CS 2135: Programming Language Concepts
Notes on Delayed Substitution

This page summarizes the lecture on delayed substitution.

Motivation

Our original interpreter (eval) handles function calls by substituting arguments for parameters in the body of the function. Consider the following Curly expression:

{{proc {x}
   {{proc {y}
      {{proc {z}
         {return x + y + z}}
       3}}
    4}}
 5}

How many times will subst traverse {return x + y + z} while evaluating this expression? Three -- once for each function call. How many times will {return x + y + z} be evaluated? Once -- when the final substitution (for z) is finished.

This suggests an inefficiency in our interpreter: we substitute more often than we evaluate.

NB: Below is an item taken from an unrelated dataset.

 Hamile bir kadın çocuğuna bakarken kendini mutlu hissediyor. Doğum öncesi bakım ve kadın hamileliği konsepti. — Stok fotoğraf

We could improve on this situation by delaying substitutions until a variable is actually encountered during evaluation. Implementing this requires an additional data structure that associates variables with their values:

(define-struct dsub (var value))

It also requires that we change the contract on eval to take a list of substitutions as an argument.

eval : expr list[dsub] -> value

A list of dsubs is called an environment.

Handing dsubs requires two changes to eval: the var? case must lookup values in the environment, and somewhere we must add new dsubs to the environment. The original interpreter code performed subst in the apply? case, so it makes sense that we would create new dsubs in this case. Specifically, the apply? case must add a new dsub to the environment before processing the body.

Making these two changes, but leaving the rest of the interpreter alone yields our first version of a dsub interpreter.

This new interpreter should yield the same answers as running the original interpreter. Consider the following expression:

(make-apply
 (make-proc 'x (make-apply
		(make-proc 'f (make-apply
			       (make-proc 'x (make-apply (make-var 'f) 10))
			       5))
		(make-proc 'y (make-plus (make-var 'x) (make-var 'y)))))
 3)

The interpreter with subst yields 13, but the new interpreter returns 15. What's wrong?

The dsub interpreter looks up variable values in the current environment. This means that when a variable is encountered, its value is taken to be the mos recent value for that variable. But this is dynamic scoping! Our interpreter is supposed to implement static scoping. Somehow, we've changed the scoping rules with the use of delayed substitutions.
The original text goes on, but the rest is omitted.